• _Assigned task_
Your job here is to restate every record exactly, pictures excluded.

• _Material for the task_
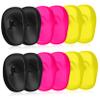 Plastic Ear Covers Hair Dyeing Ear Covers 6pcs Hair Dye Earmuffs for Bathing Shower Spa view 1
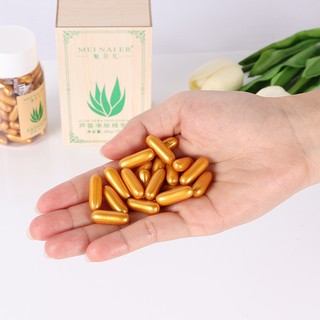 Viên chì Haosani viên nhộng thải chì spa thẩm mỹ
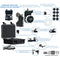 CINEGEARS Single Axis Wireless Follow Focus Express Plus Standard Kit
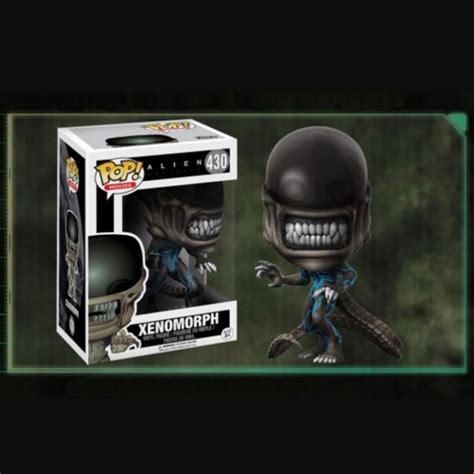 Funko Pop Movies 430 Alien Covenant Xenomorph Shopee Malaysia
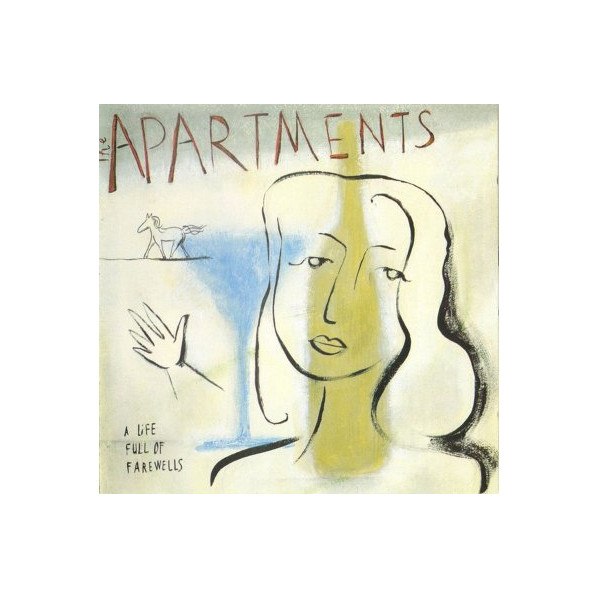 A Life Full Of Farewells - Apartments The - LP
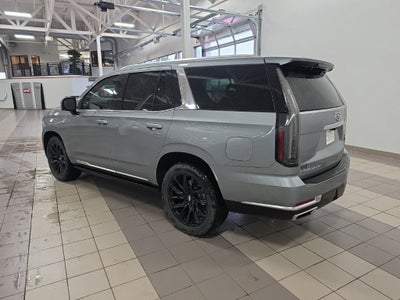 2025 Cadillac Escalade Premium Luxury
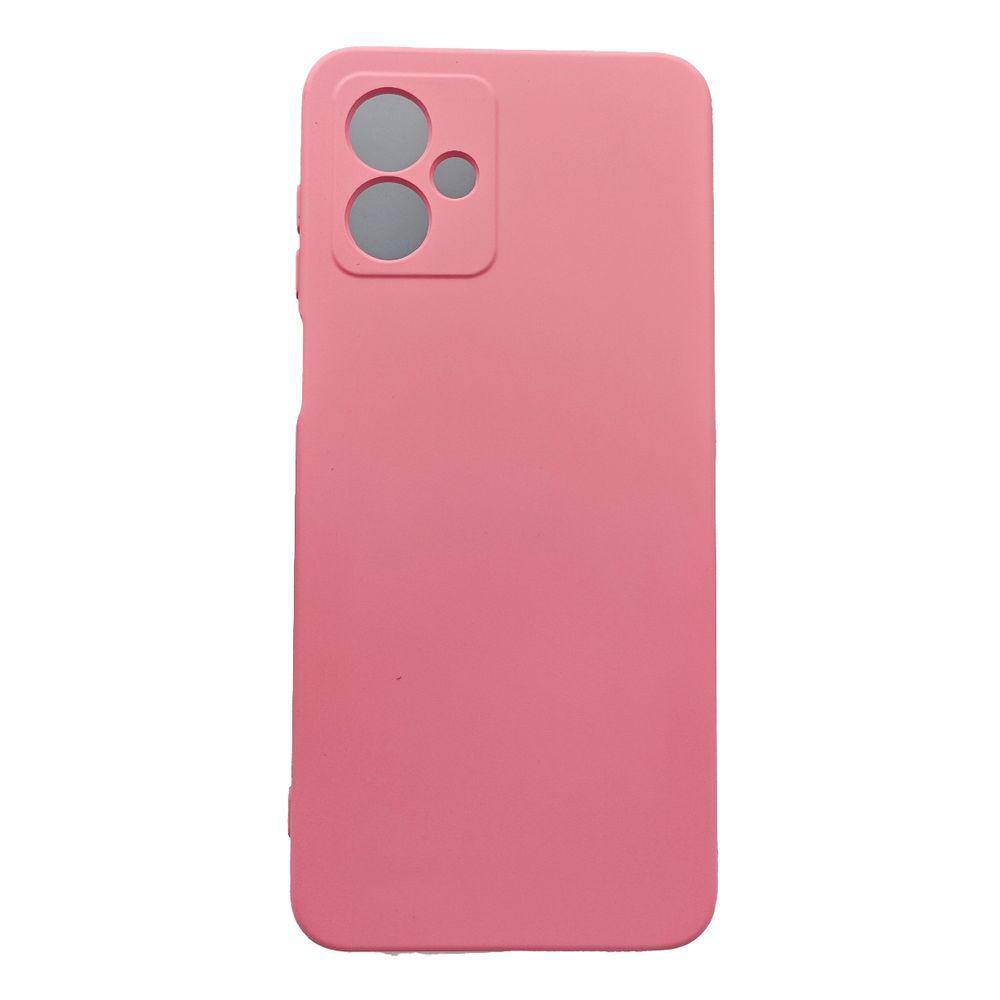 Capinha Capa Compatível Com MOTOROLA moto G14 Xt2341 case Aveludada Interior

• _Your solution_
 Plastic Ear Covers Hair Dyeing Ear Covers 6pcs Hair Dye Earmuffs for Bathing Shower Spa view 1
 Viên chì Haosani viên nhộng thải chì spa thẩm mỹ
 CINEGEARS Single Axis Wireless Follow Focus Express Plus Standard Kit
 Funko Pop Movies 430 Alien Covenant Xenomorph Shopee Malaysia
 A Life Full Of Farewells - Apartments The - LP
 2025 Cadillac Escalade Premium Luxury
 Capinha Capa Compatível Com MOTOROLA moto G14 Xt2341 case Aveludada Interior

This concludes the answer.